### PROBLEM TO SOLVE
A faithful copy is required of the lines from the top of the entries through the line that contains "Plafón SmartLED KSIX", both included, with no pictures.

::: DATASET CONTENT :::

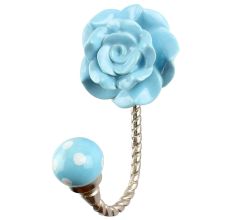 Turquoise Flower Ceramic Hook in Silver Fitting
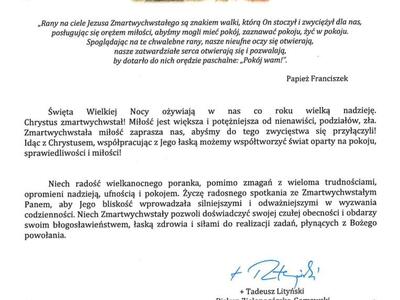 Życzenia bp. Tadeusza Lityńskiego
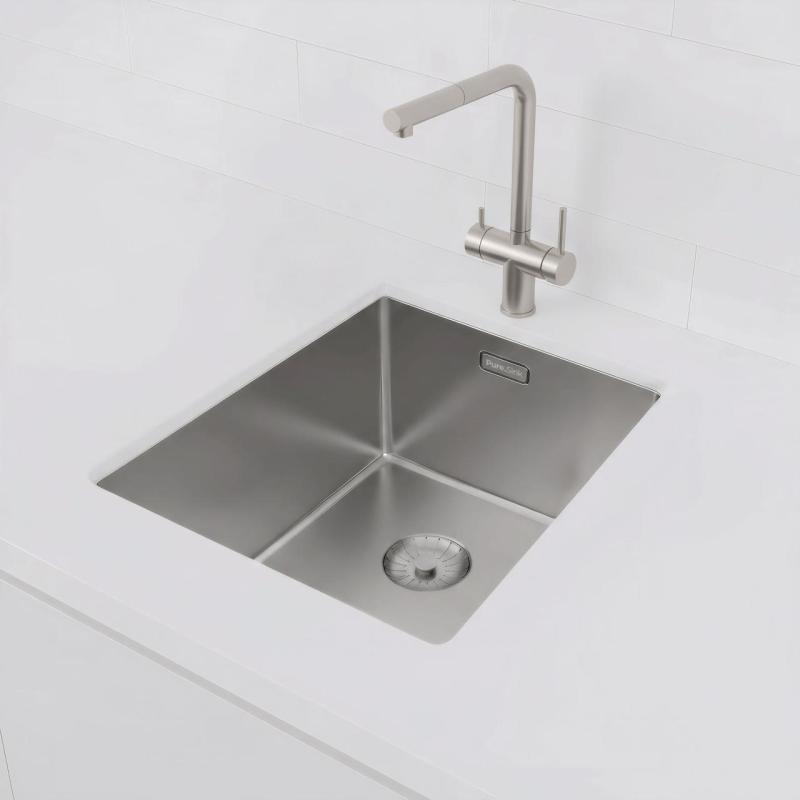Pure.Sink Prestige lavello in acciaio inox 34x40 cm raggio 10 mm sottopiano, filo-top e incasso PPG3440-02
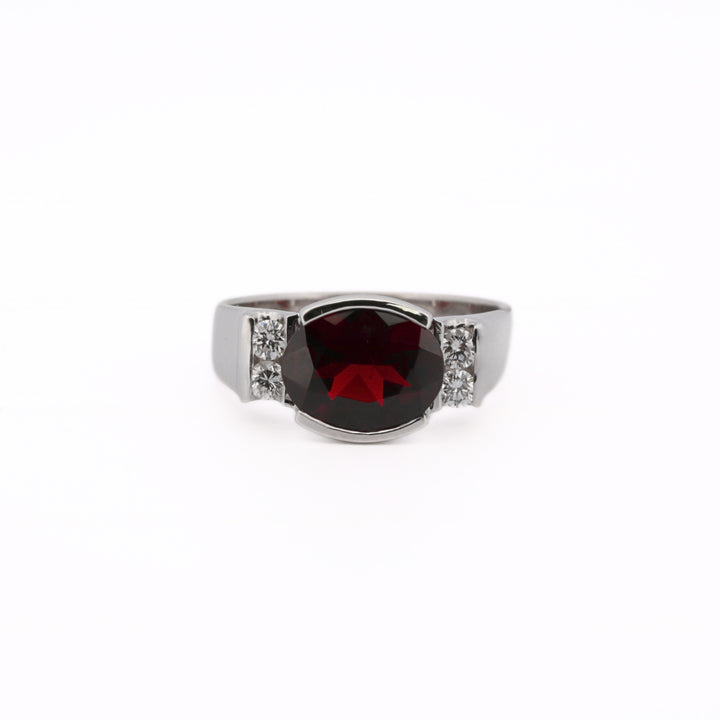 14K White Gold Garnet and Diamond Cocktail Ring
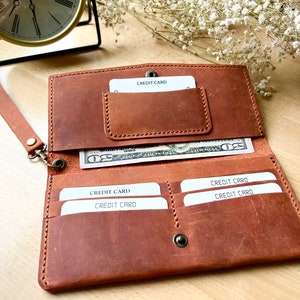 Cartera de cuero para mujer, Cartera de cuero personalizada, Regalo para ella, Cartera hecha a mano, Cartera de cuero, Cartera grabada, Regalo para esposa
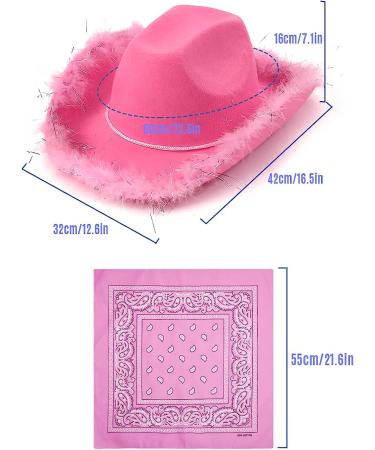 YBHOMINE Cowboy Hat with Bandana | White Feather Boa Cowgirl Hat for Women & Men - Perfect for Bachelorette Party & Halloween Dress-Up - Buy Online on GoSupps.com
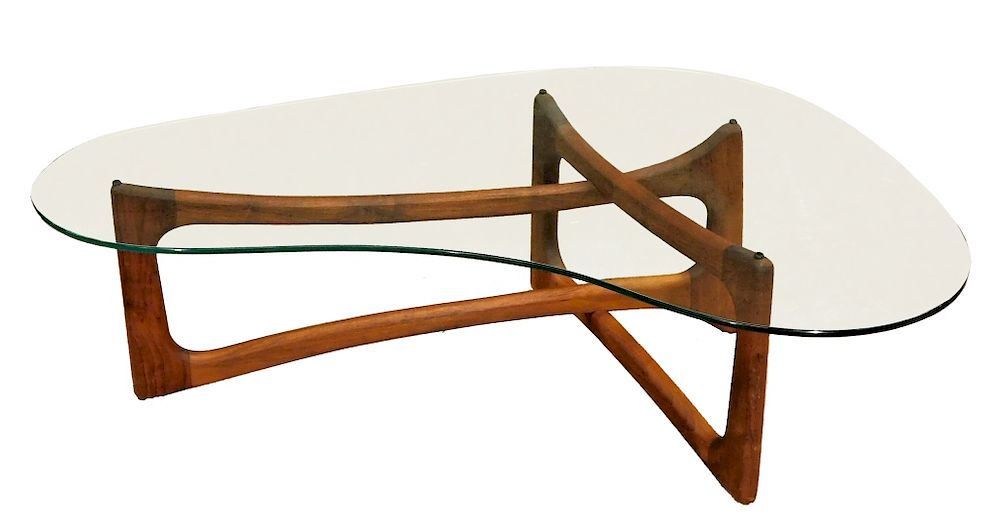 Appraisal: Adrian Pearsall MCM Glass and Walnut Coffee Table Adrian Pearsall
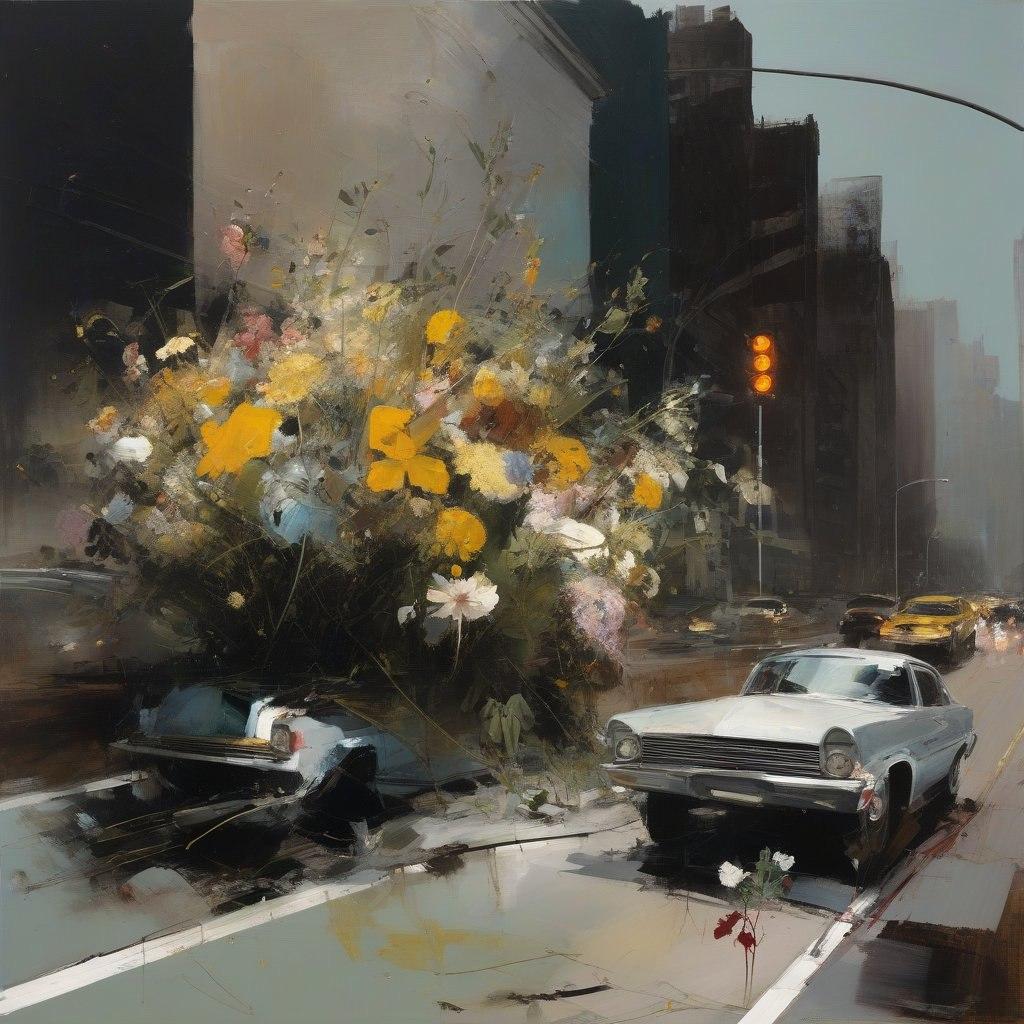 flowers and cars, 80x80cm, print on canvas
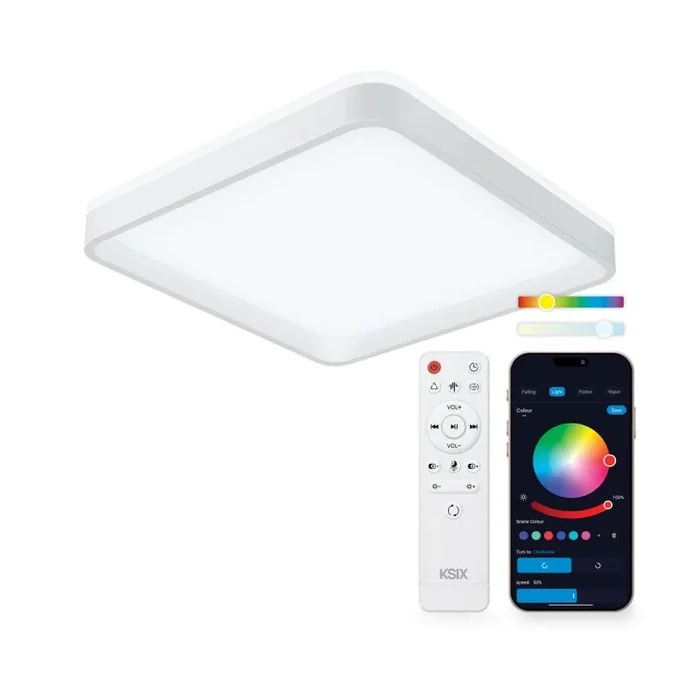 Plafón SmartLED KSIX Stellar Plus, Cuadrado, Altavoz, RGBIC + CCT, 49x49x7,5cm, 4450 lm, 35W, App Tuya, Blanco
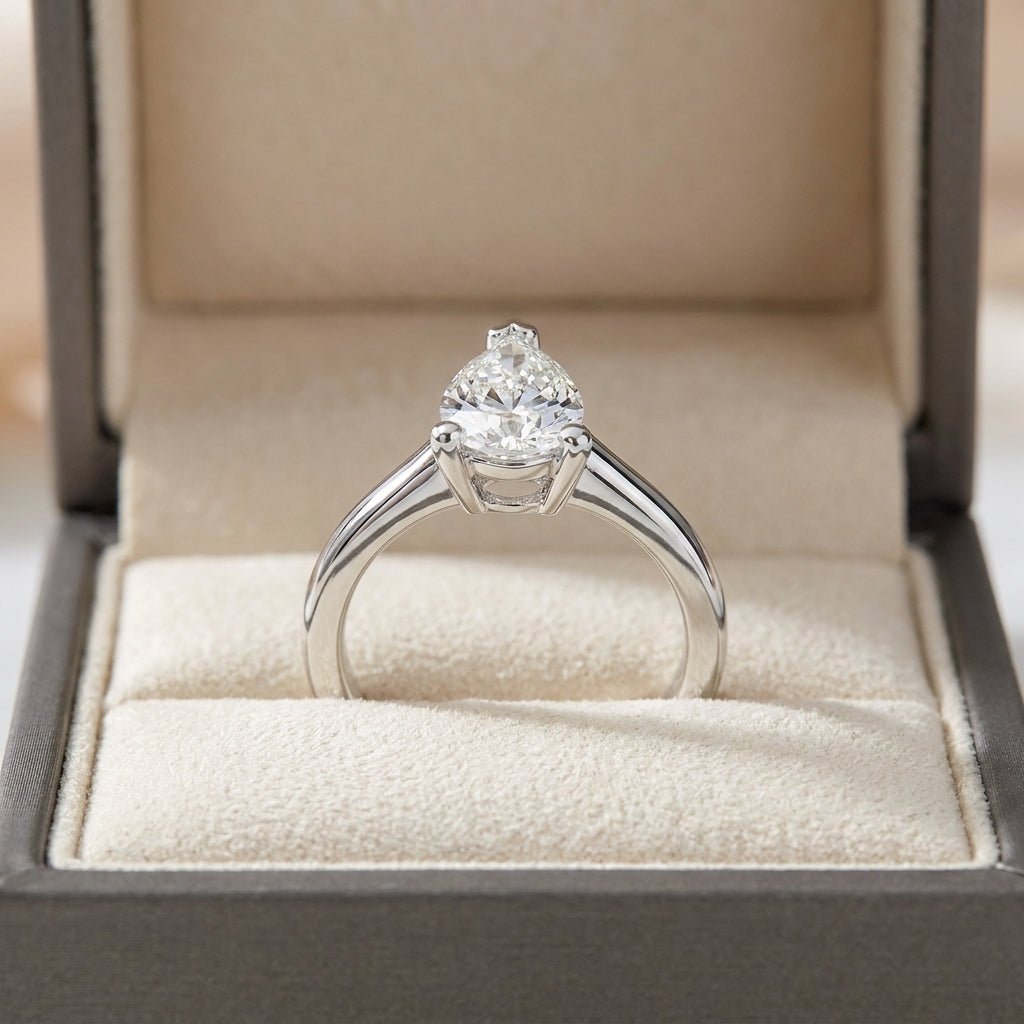 SOL-200PE-0WLD Pear solitaire engagement ring ring-in-box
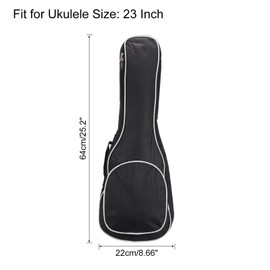 sourcing map Ukulele Case 23 Inch Ukulele Bag Single Shoulder Backpack with Adjustable Straps Black White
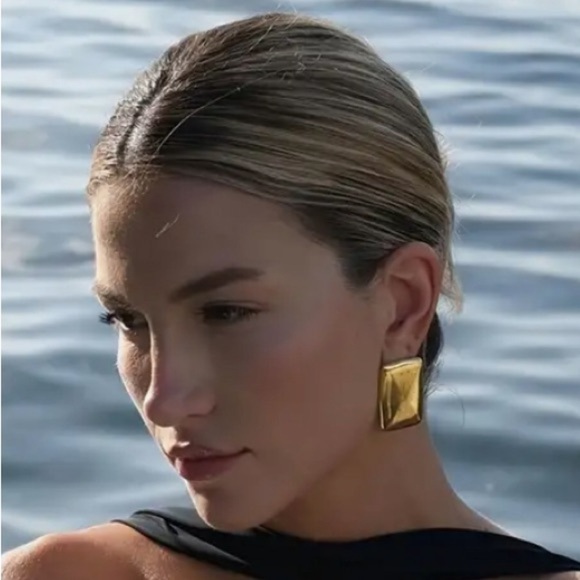 Gold Rectangle Earrings - Picture 7 of 15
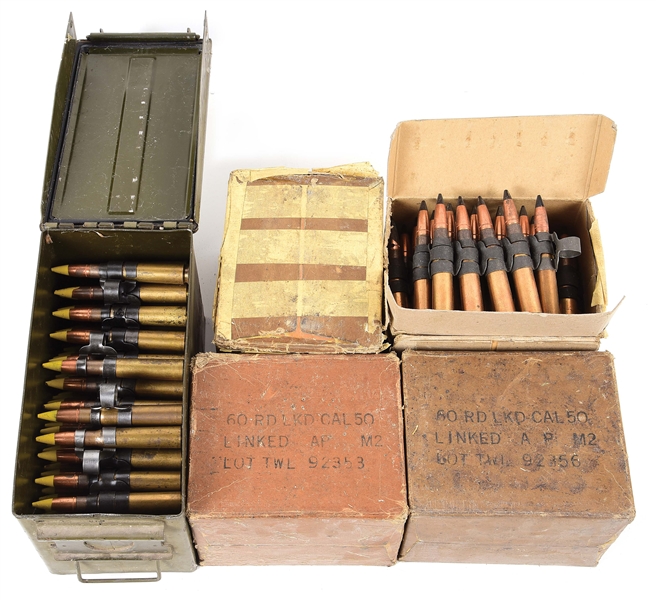 LOT OF 310 ROUNDS OF .50 BMG ARMOR PIERCING AND YELLOW TIP AMMO.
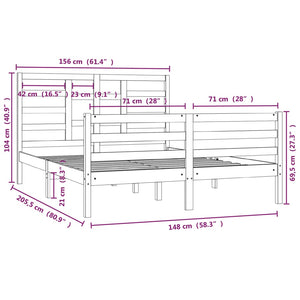 Πλαίσιο Κρεβατιού Μαύρο 150 x 200 εκ. Μασίφ Ξύλο King Size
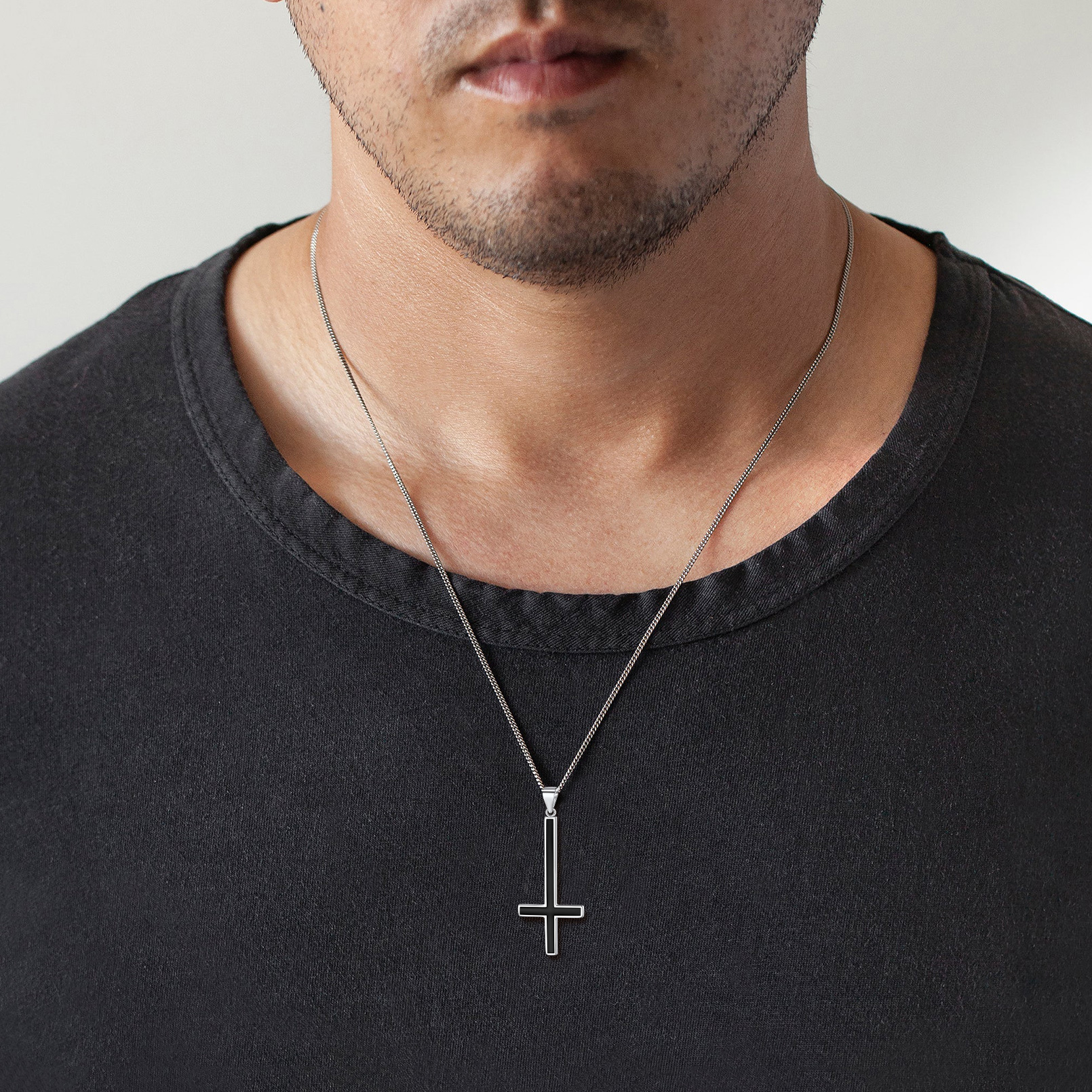 Black Inverted Cross Pendant with Adjustable Thin Rolo Chain Necklace  for Men, Father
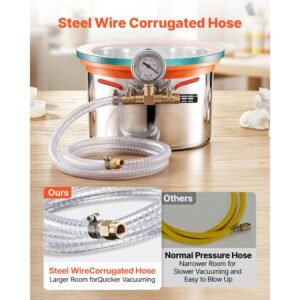 1.5 gallon vacuum chamber, stainless steel, vacuum degassing chamber with tempered glass lid, hose, air filter, for resin casting, stabilizing wood, degassing silicone, epoxies, essential oils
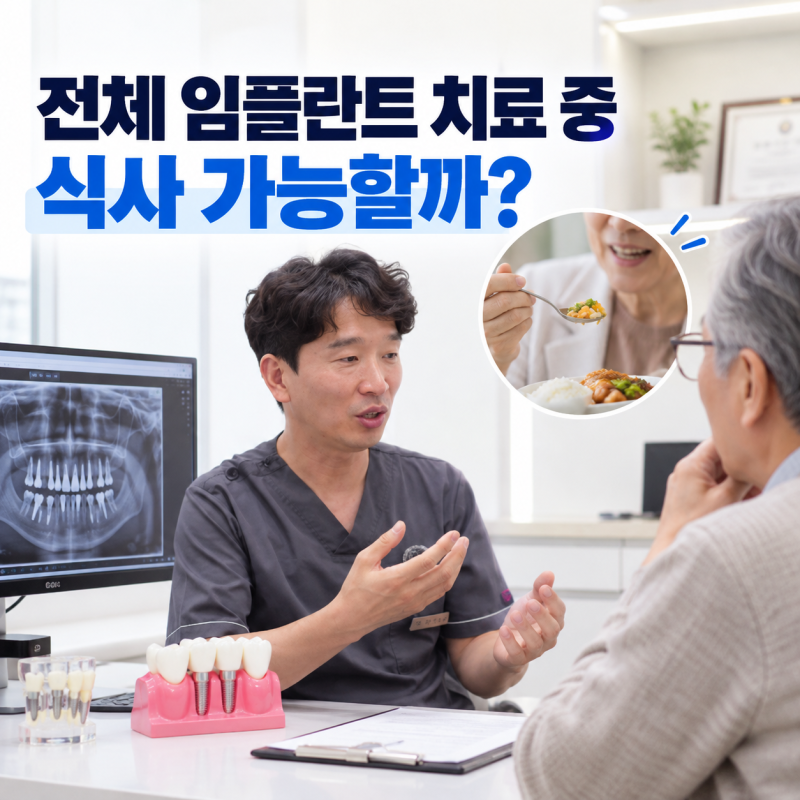 전체 임플란트 치료 중 식사, 임시치아로 첫날부터 씹고 저작력 90%까지 돌아오는 과정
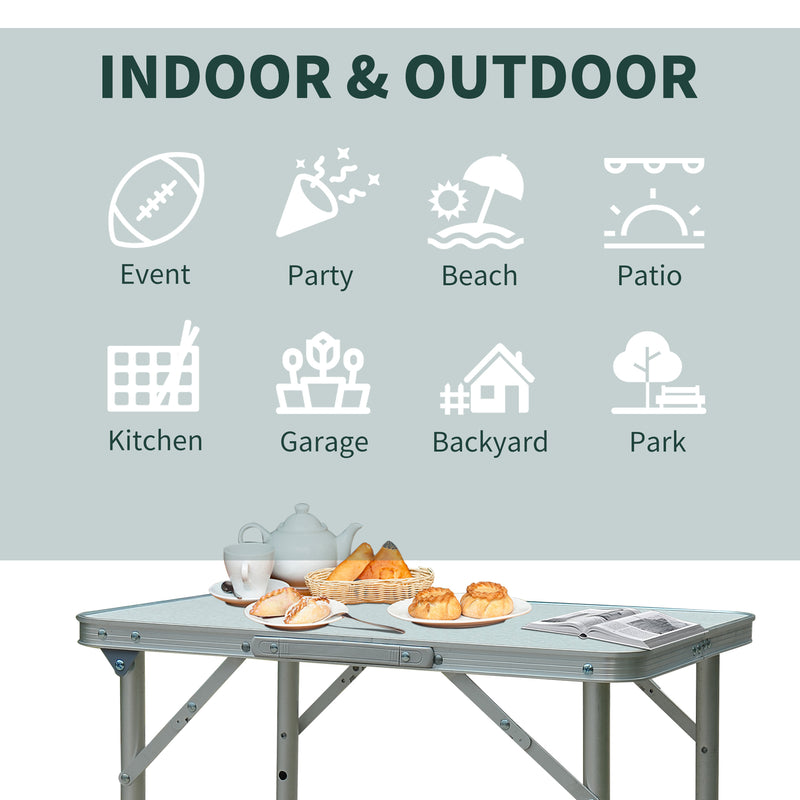 Folding Picnic Table with Adjustable Height for Outdoor Snacks and Drinks Silver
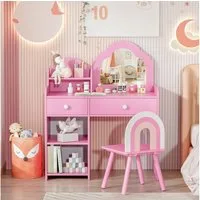 TLGREEN Schminktisch, Kinder Schminktisch mit Spiegel und Stuhl (Mädchen Schreibtisch & Maltisch mit 2 Schubladen, Prinzessin Frisiertisch aus Holz), 73.5x40x90.5cm, Sicher & Stabil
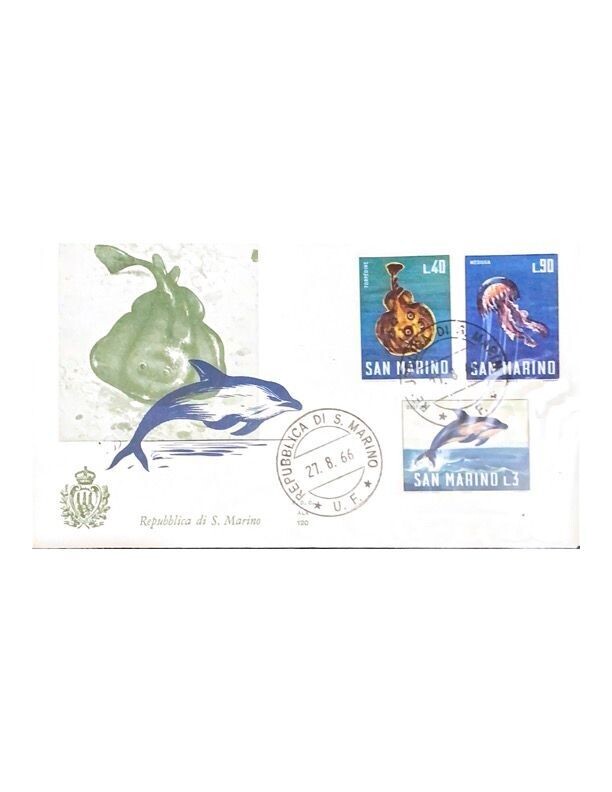 FDC Rep. San Marino - Pesci FDC ALA 120 - 40+90+3 L - 1966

:::

### SOLUTION TO THE EXERCISE
 Turquoise Flower Ceramic Hook in Silver Fitting
 Życzenia bp. Tadeusza Lityńskiego
Pure.Sink Prestige lavello in acciaio inox 34x40 cm raggio 10 mm sottopiano, filo-top e incasso PPG3440-02
 14K White Gold Garnet and Diamond Cocktail Ring
 Cartera de cuero para mujer, Cartera de cuero personalizada, Regalo para ella, Cartera hecha a mano, Cartera de cuero, Cartera grabada, Regalo para esposa
 YBHOMINE Cowboy Hat with Bandana | White Feather Boa Cowgirl Hat for Women & Men - Perfect for Bachelorette Party & Halloween Dress-Up - Buy Online on GoSupps.com
 Appraisal: Adrian Pearsall MCM Glass and Walnut Coffee Table Adrian Pearsall
 flowers and cars, 80x80cm, print on canvas
 Plafón SmartLED KSIX Stellar Plus, Cuadrado, Altavoz, RGBIC + CCT, 49x49x7,5cm, 4450 lm, 35W, App Tuya, Blanco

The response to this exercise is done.